The Knicks continued to slide into prime draft lottery position with an unsightly 114-107 loss to the Hawks on Friday night at Madison Square Garden. The Knicks’ ninth loss in 10 games dropped their record to 9-25, tied with the league-worst Bulls and Cavaliers for the most losses in the NBA.
The Knicks currently have the fifth-best odds in the NBA draft lottery (10.5 percent) and are mere percentage points from the top three, which share the maximum 14 percent chance of securing the No. 1 pick under the revised system.
It was fitting that the prize of that lottery, Duke phenom Zion Williamson, graced the Garden floor Thursday night.
The Knicks’ recent skid has included losses to the Cavs, Suns and Hawks, all neighbors in the cellar. And the upcoming schedule offers no relief: a Christmas matinee against the Bucks, followed by a road trip to face the Bucks, Jazz, Nuggets, Lakers, Trail Blazers and Warriors. The Knicks could be 9-32 before the Christmas tree has been removed from the living room.
“I really feel like we got a group that can handle this right now,” coach David Fizdale said. “They just have the right approach to the season, how to attack losing, how to come back to work every day.”

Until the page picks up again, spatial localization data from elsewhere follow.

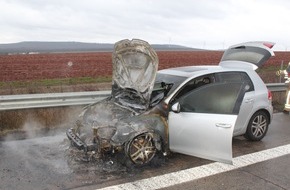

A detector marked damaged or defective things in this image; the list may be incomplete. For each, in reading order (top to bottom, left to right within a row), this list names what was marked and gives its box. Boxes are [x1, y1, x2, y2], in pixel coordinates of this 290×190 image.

burned car hood [111, 39, 159, 113]
damaged vehicle [67, 38, 276, 165]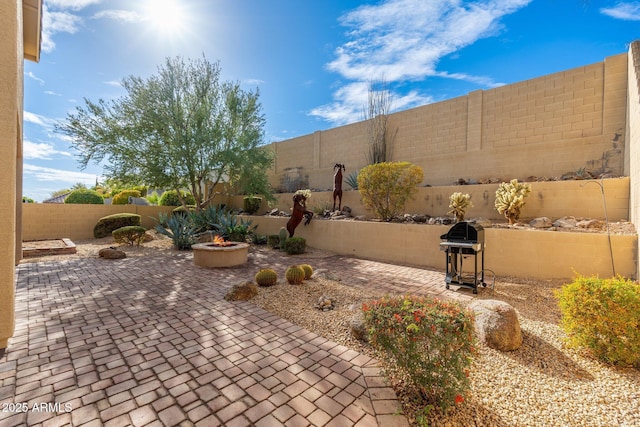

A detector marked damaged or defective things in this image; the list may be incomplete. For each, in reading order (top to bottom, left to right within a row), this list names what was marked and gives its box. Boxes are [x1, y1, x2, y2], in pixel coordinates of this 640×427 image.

rusty metal sculpture [332, 163, 348, 211]
rusty metal sculpture [286, 194, 314, 237]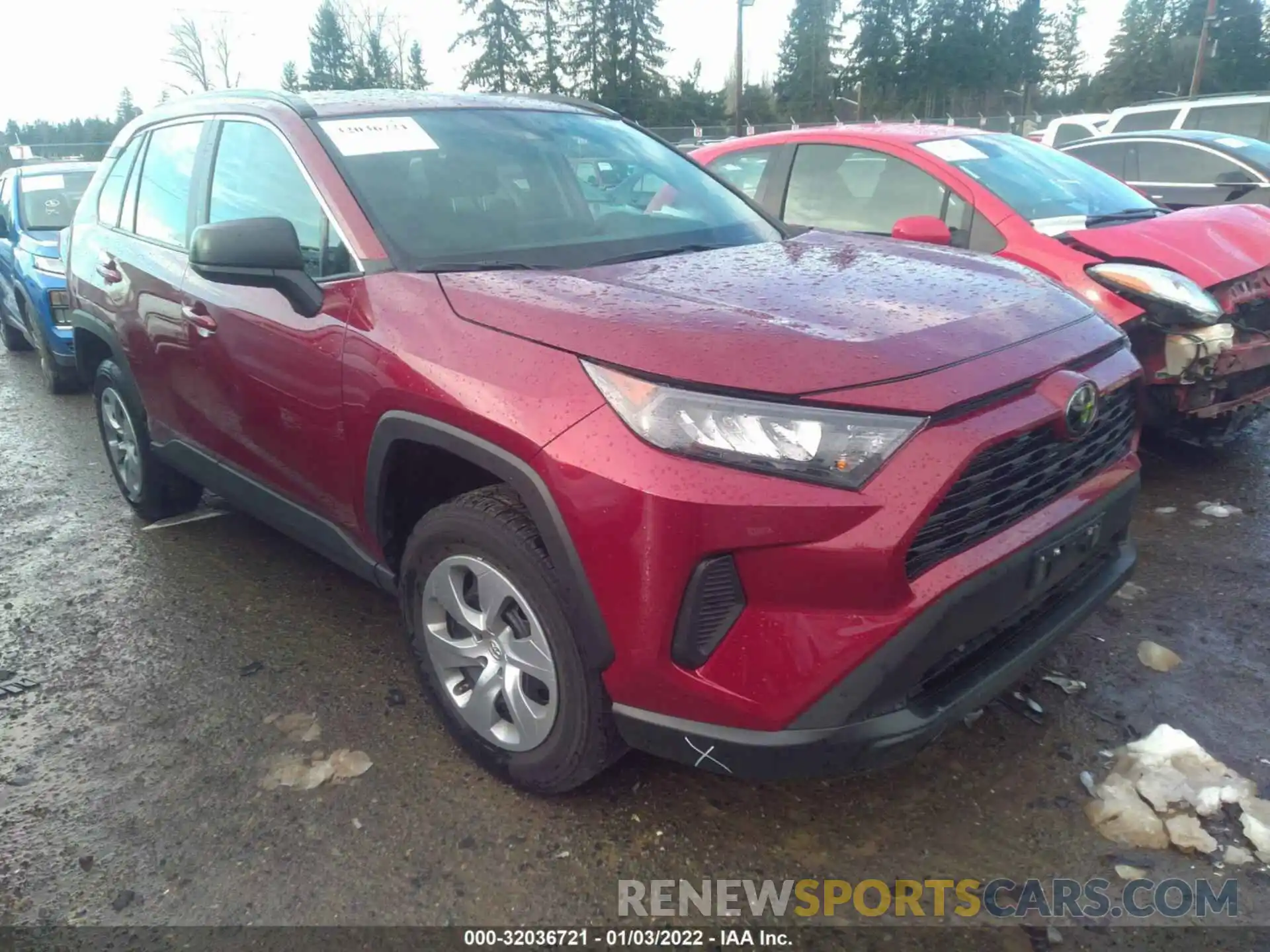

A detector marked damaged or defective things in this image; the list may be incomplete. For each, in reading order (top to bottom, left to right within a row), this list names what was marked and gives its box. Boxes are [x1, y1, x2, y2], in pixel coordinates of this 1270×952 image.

headlight of damaged car [31, 254, 64, 275]
headlight of damaged car [1087, 262, 1224, 327]
headlight of damaged car [581, 360, 924, 487]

The Knicks led the Hawks by as many as 15 in the first half and by nine at intermission. The cushion quickly disappeared in the third quarter, when the Hawks shredded the Knicks’ pick-and-roll defense, which Fizdale had admitted before the game is “terrible.”

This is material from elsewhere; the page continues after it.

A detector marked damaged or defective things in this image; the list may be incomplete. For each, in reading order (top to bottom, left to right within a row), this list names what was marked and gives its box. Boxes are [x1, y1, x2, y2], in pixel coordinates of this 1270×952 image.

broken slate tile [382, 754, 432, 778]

“It’s frustrating to everybody in here,” said Emmanuel Mudiay, who scored a team-high 32 points. “We have to figure out how to do it for 48 minutes.”

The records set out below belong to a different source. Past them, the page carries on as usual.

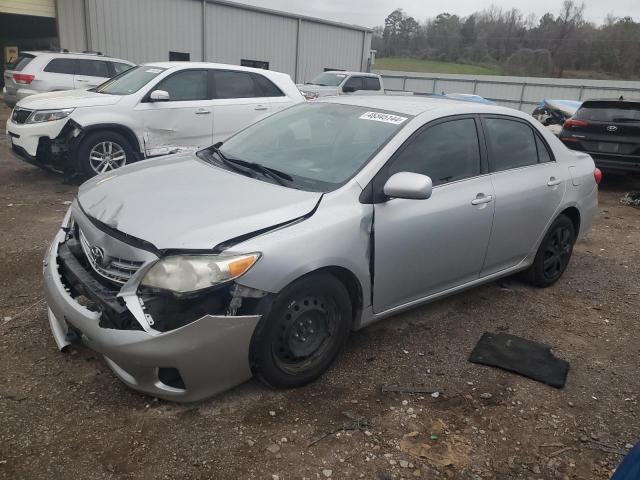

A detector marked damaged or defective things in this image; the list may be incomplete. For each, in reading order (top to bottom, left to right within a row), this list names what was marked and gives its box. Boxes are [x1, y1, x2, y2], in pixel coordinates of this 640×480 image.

crumpled hood [17, 89, 122, 109]
cracked front bumper [42, 229, 260, 402]
crumpled hood [77, 153, 322, 251]
damaged silver sedan [45, 95, 600, 400]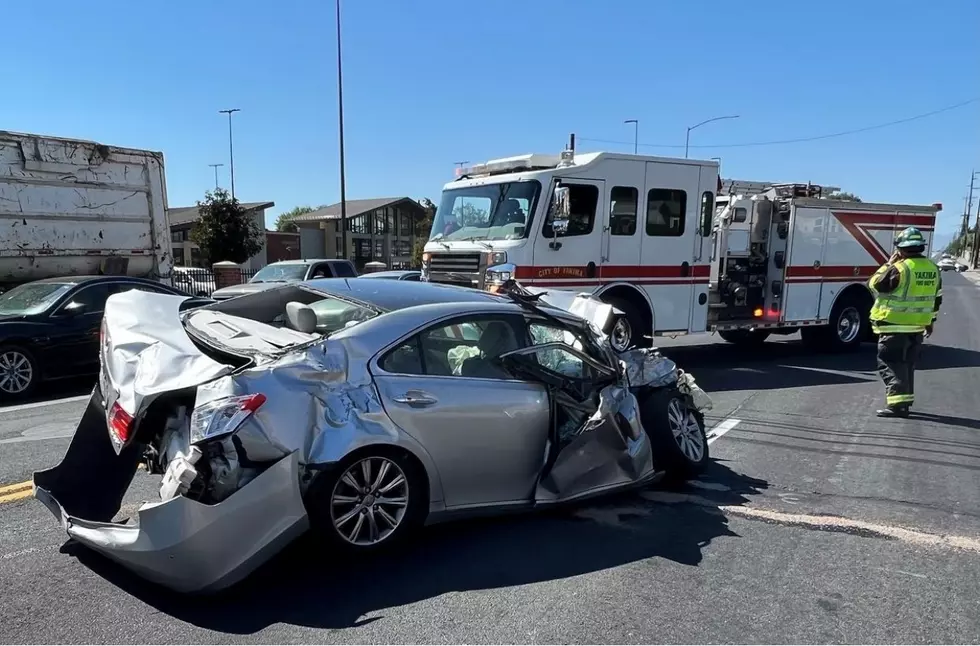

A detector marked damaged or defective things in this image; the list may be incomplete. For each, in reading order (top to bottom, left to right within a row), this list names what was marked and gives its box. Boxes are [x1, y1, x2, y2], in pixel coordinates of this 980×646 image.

detached car bumper [34, 392, 308, 596]
broken body panel [34, 280, 708, 596]
crushed silver car [34, 278, 712, 592]
damaged car rear end [34, 280, 716, 596]
crumpled car door [502, 342, 656, 504]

The same goes for rookie Kevin Knox, who followed another blistering first half with a second-half disappearing act.
Knox had 19 points before the game was 13 minutes old: He had 17 in the first quarter on 7-of-8 shooting (3-of-4 from 3) — punctuated by an off-the-dribble rainbow 3 with 10 seconds left — and a fast-break dunk on the opening possession of the second quarter.
But Knox did not have a field goal in the second half, and missed his final eight shots. He finished with 24 points, two off his career high.
“That first half I was on fire,” said Knox, who is averaging 20.3 points in his past seven games. “I felt really good out there. … I’m not very happy with myself the way that I played in that second half. That’s just something I have to be able to improve.”
Fizdale was grasping for answers on behalf of his 19-year-old building block.
“I can’t put my thumb on it,” Fizdale said. “Maybe it’s just him understanding it’s a long game. Because I expect him to be a big-time scorer. There’s a real conditioning requirement to be a great scorer in this league.”